Exercise requirements: Transcribe all of the records, leaving out any pictures.

Crawled caption data:
* * *

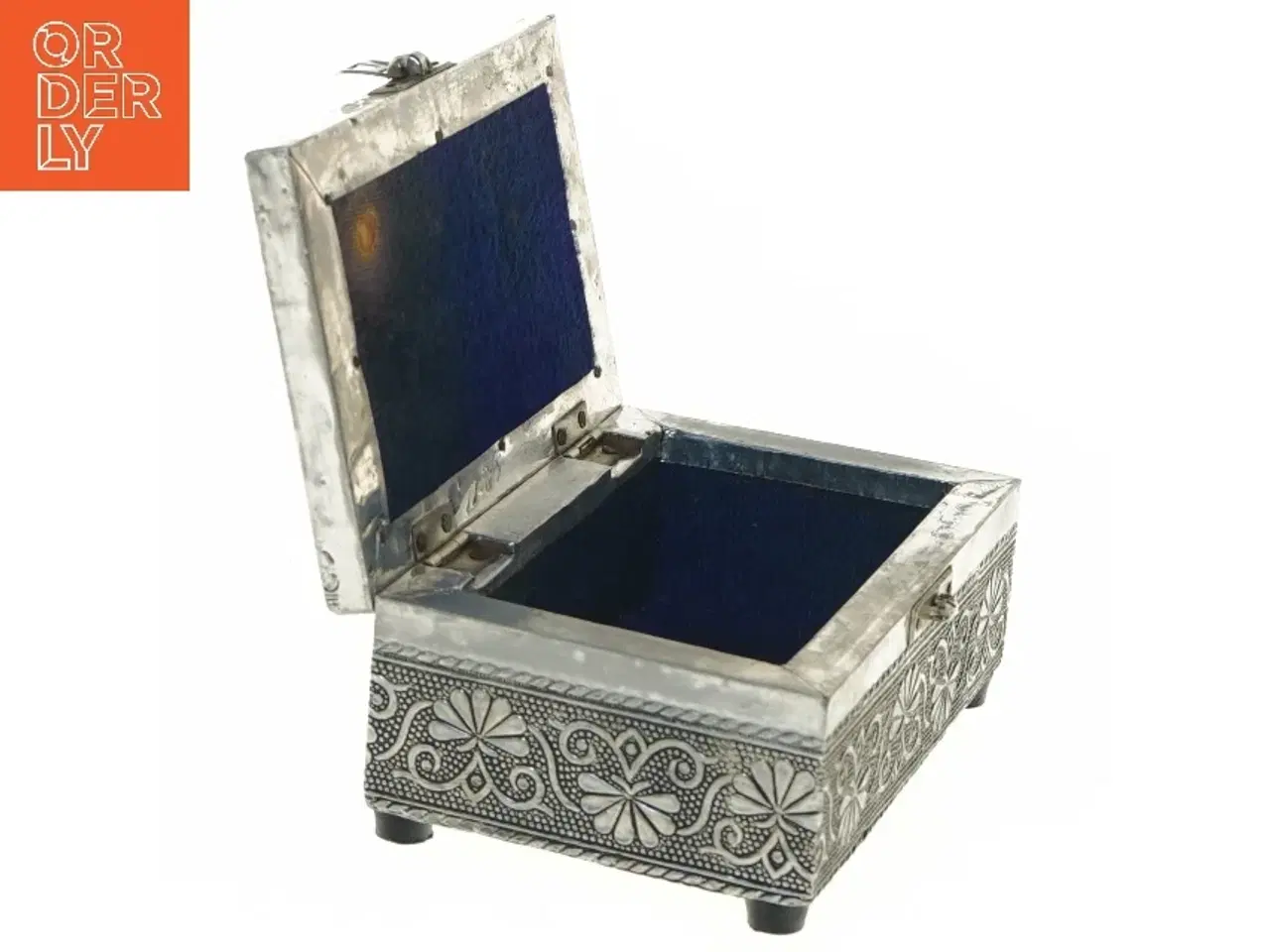 Billede 6 - Hammer slået indsisk  metalkasse (str. 15x10x7 cm)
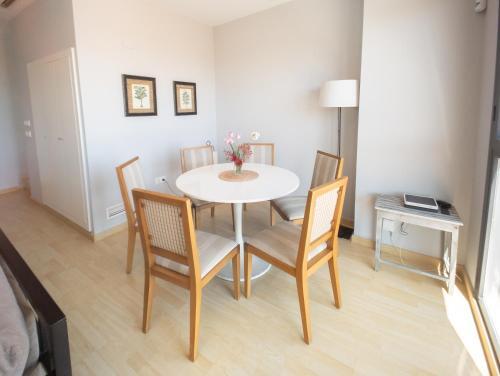 Valencia Beach Apartments 1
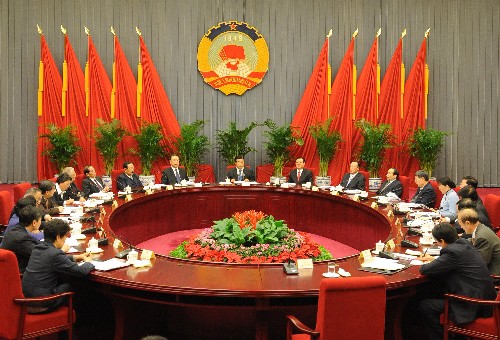 2月6日,政协第十一届全国委员会第十一次主席会议在北京召开。中共中央政治局常委、全国政协主席贾庆林主持会议并讲话。 新华社记者 刘建生 摄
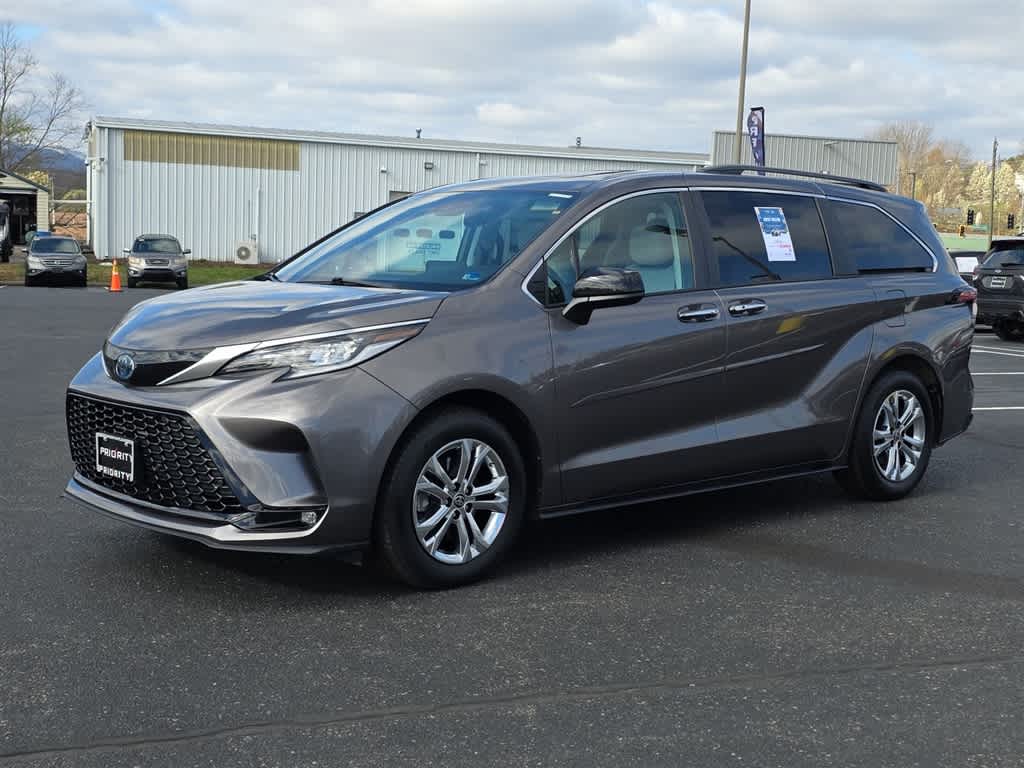 2022 Toyota Sienna XSE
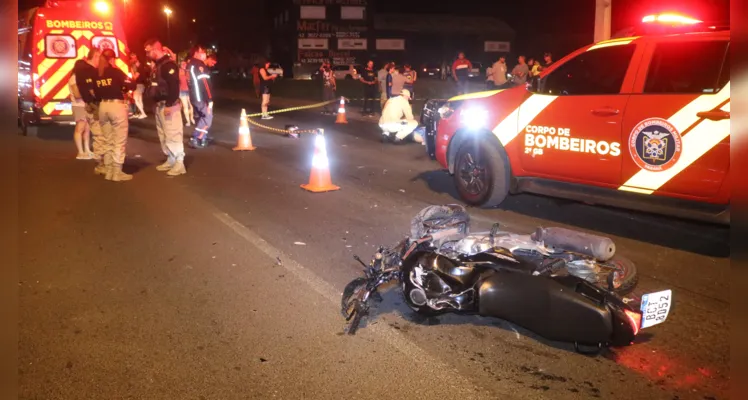 Acidente aconteceu por volta das 20h deste domingo, em Ponta Grossa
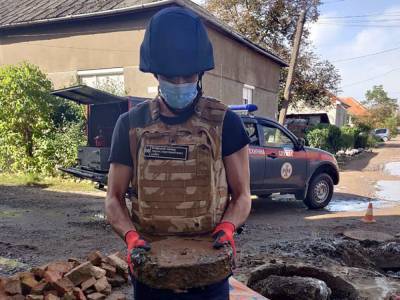 На Закарпатье коммунальщики случайно выкопали 2 противотанковые мины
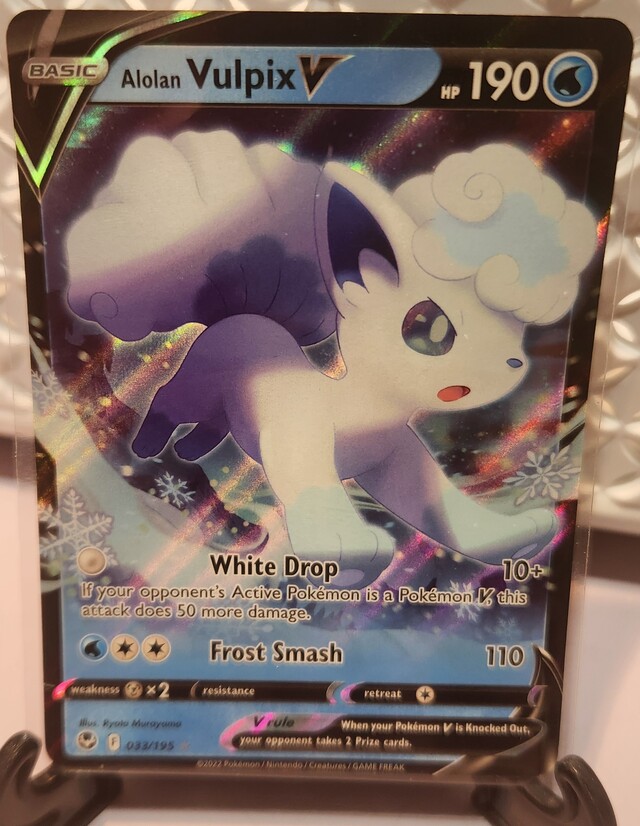 Pokemon TCG: Alolan Vulpix V 033/195 Silver Tempest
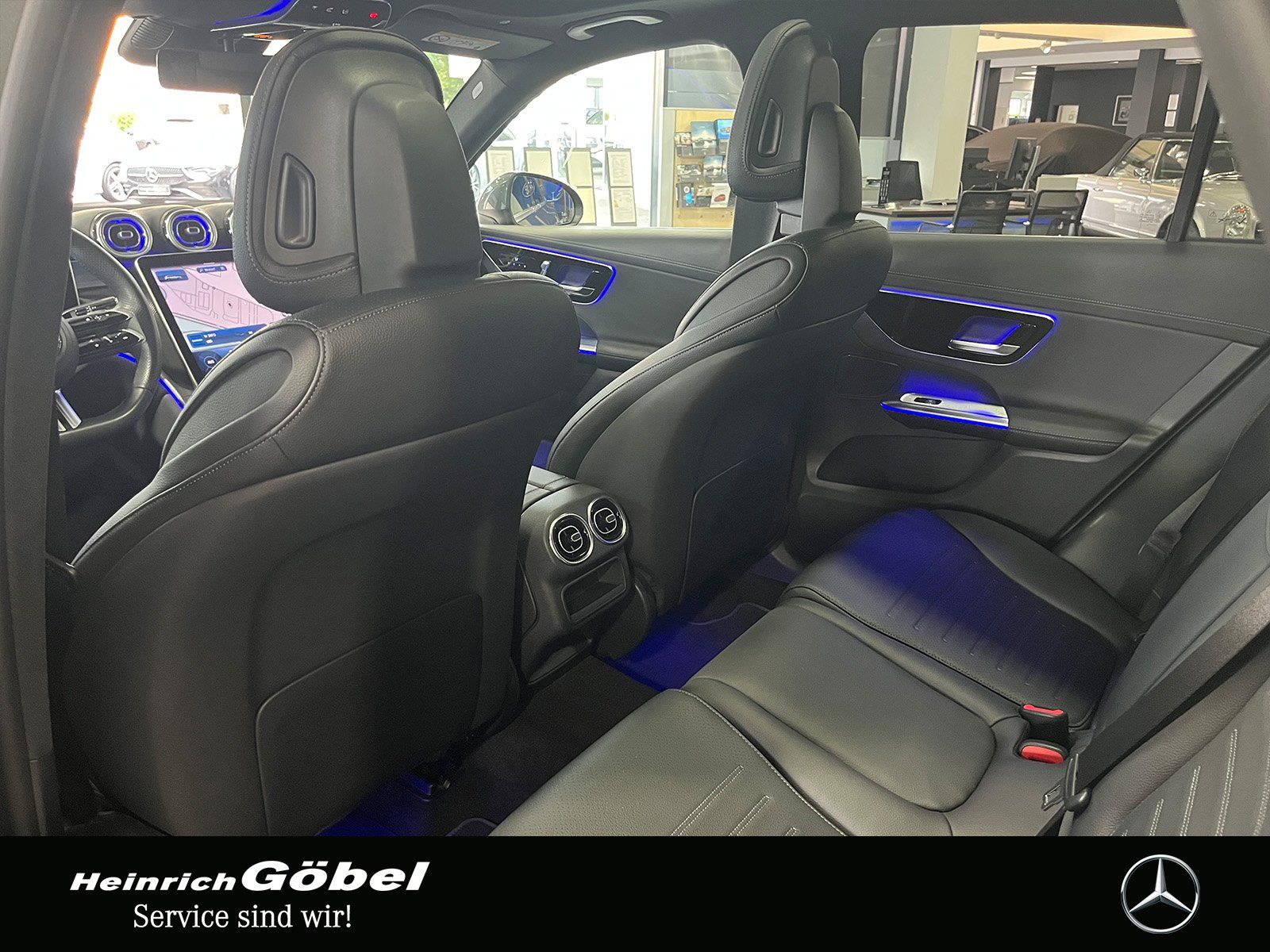 Fahrzeugabbildung Mercedes-Benz GLC 300 4M AMG+PANO+AHK+LED+KAMERA+NAVI+MEMORY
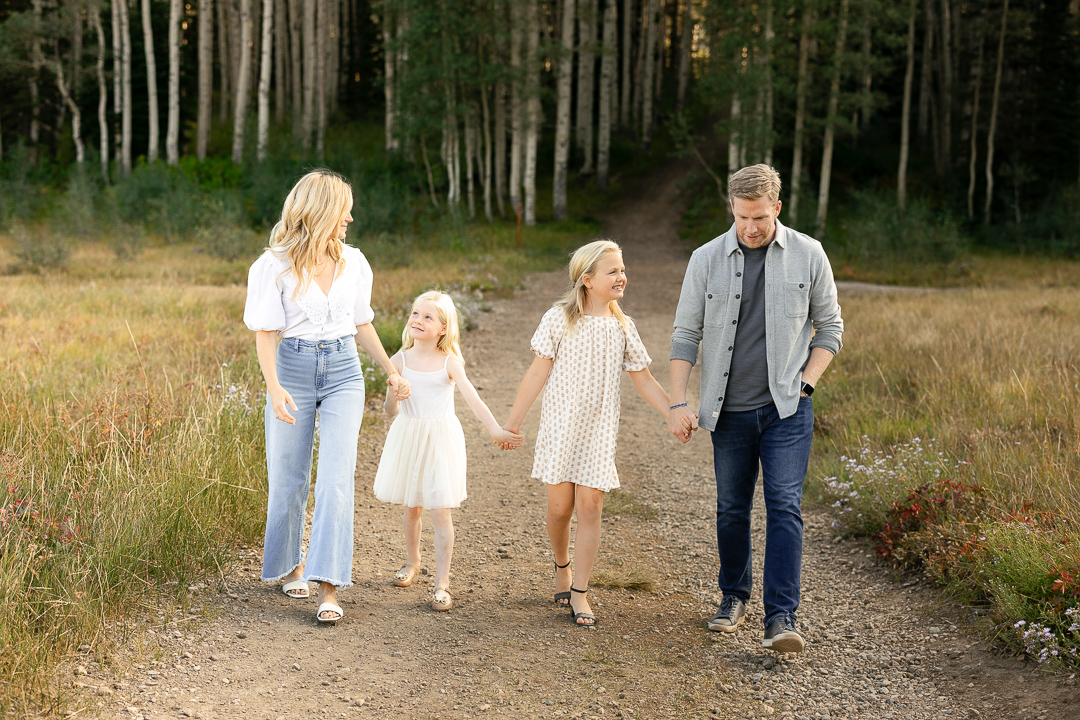 Family photo shoot in Park City, Utah. Photography by Poppy & Hive Photography. Salt Lake City, Utah.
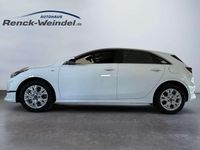 Gebraucht Kia Ceed Vision 101 PS (74 kW) 2024 Weiss Kleinwagen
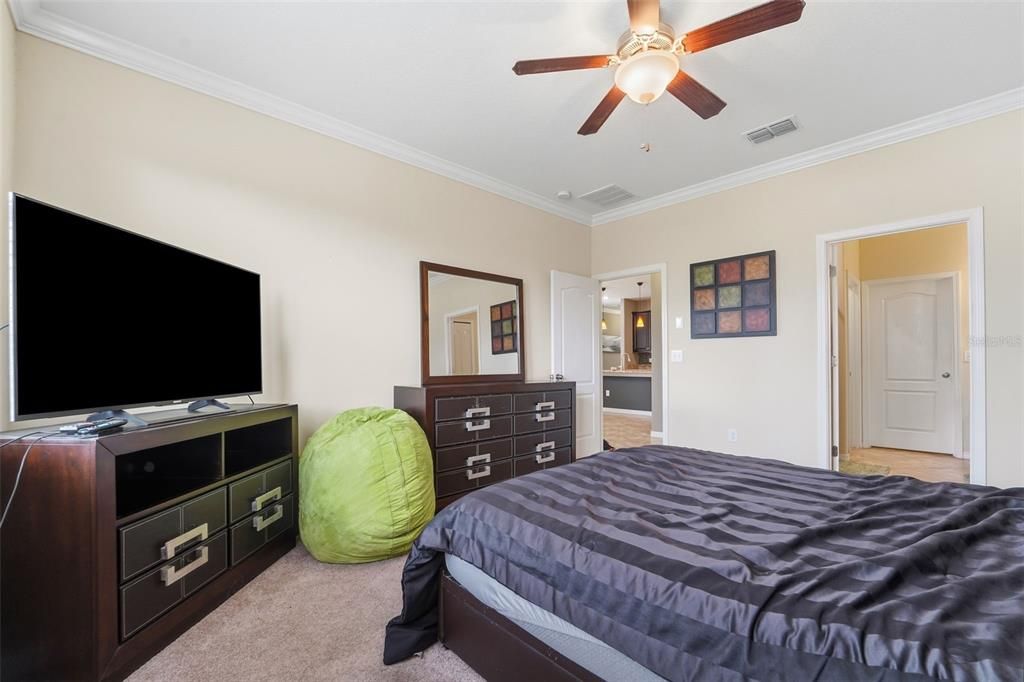 На продажу: $515,000 (3 спален, 2 ванн, 1960 Квадратных фут)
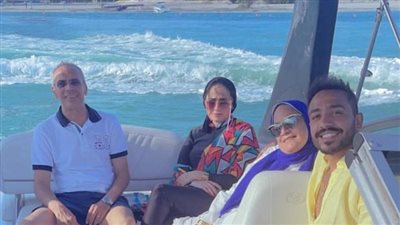 العائلة كل شيء.. كهربا ينشر صورة له برفقة أسرته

* * *

Response to this task:
 Billede 6 - Hammer slået indsisk  metalkasse (str. 15x10x7 cm)
 Valencia Beach Apartments 1
 2月6日,政协第十一届全国委员会第十一次主席会议在北京召开。中共中央政治局常委、全国政协主席贾庆林主持会议并讲话。 新华社记者 刘建生 摄
 2022 Toyota Sienna XSE
 Acidente aconteceu por volta das 20h deste domingo, em Ponta Grossa
 На Закарпатье коммунальщики случайно выкопали 2 противотанковые мины
 Pokemon TCG: Alolan Vulpix V 033/195 Silver Tempest
 Fahrzeugabbildung Mercedes-Benz GLC 300 4M AMG+PANO+AHK+LED+KAMERA+NAVI+MEMORY
 Family photo shoot in Park City, Utah. Photography by Poppy & Hive Photography. Salt Lake City, Utah.
 Gebraucht Kia Ceed Vision 101 PS (74 kW) 2024 Weiss Kleinwagen
 На продажу: $515,000 (3 спален, 2 ванн, 1960 Квадратных фут)
 العائلة كل شيء.. كهربا ينشر صورة له برفقة أسرته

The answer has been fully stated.